Send back every record word for word, with nothing missing.

- **WORKING DATA**

-*-

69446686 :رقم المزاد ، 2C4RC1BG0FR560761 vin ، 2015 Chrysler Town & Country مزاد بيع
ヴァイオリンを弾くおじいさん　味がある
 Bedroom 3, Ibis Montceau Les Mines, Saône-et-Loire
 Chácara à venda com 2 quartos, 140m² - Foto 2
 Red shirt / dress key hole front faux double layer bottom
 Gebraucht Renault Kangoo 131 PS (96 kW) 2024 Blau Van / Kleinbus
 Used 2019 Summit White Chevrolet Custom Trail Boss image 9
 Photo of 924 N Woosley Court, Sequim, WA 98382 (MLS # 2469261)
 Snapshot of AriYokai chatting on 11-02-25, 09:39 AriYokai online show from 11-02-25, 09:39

-*-

- **RESPONSE TO THIS EXERCISE**
69446686 :رقم المزاد ، 2C4RC1BG0FR560761 vin ، 2015 Chrysler Town & Country مزاد بيع
ヴァイオリンを弾くおじいさん　味がある
 Bedroom 3, Ibis Montceau Les Mines, Saône-et-Loire
 Chácara à venda com 2 quartos, 140m² - Foto 2
 Red shirt / dress key hole front faux double layer bottom
 Gebraucht Renault Kangoo 131 PS (96 kW) 2024 Blau Van / Kleinbus
 Used 2019 Summit White Chevrolet Custom Trail Boss image 9
 Photo of 924 N Woosley Court, Sequim, WA 98382 (MLS # 2469261)
 Snapshot of AriYokai chatting on 11-02-25, 09:39 AriYokai online show from 11-02-25, 09:39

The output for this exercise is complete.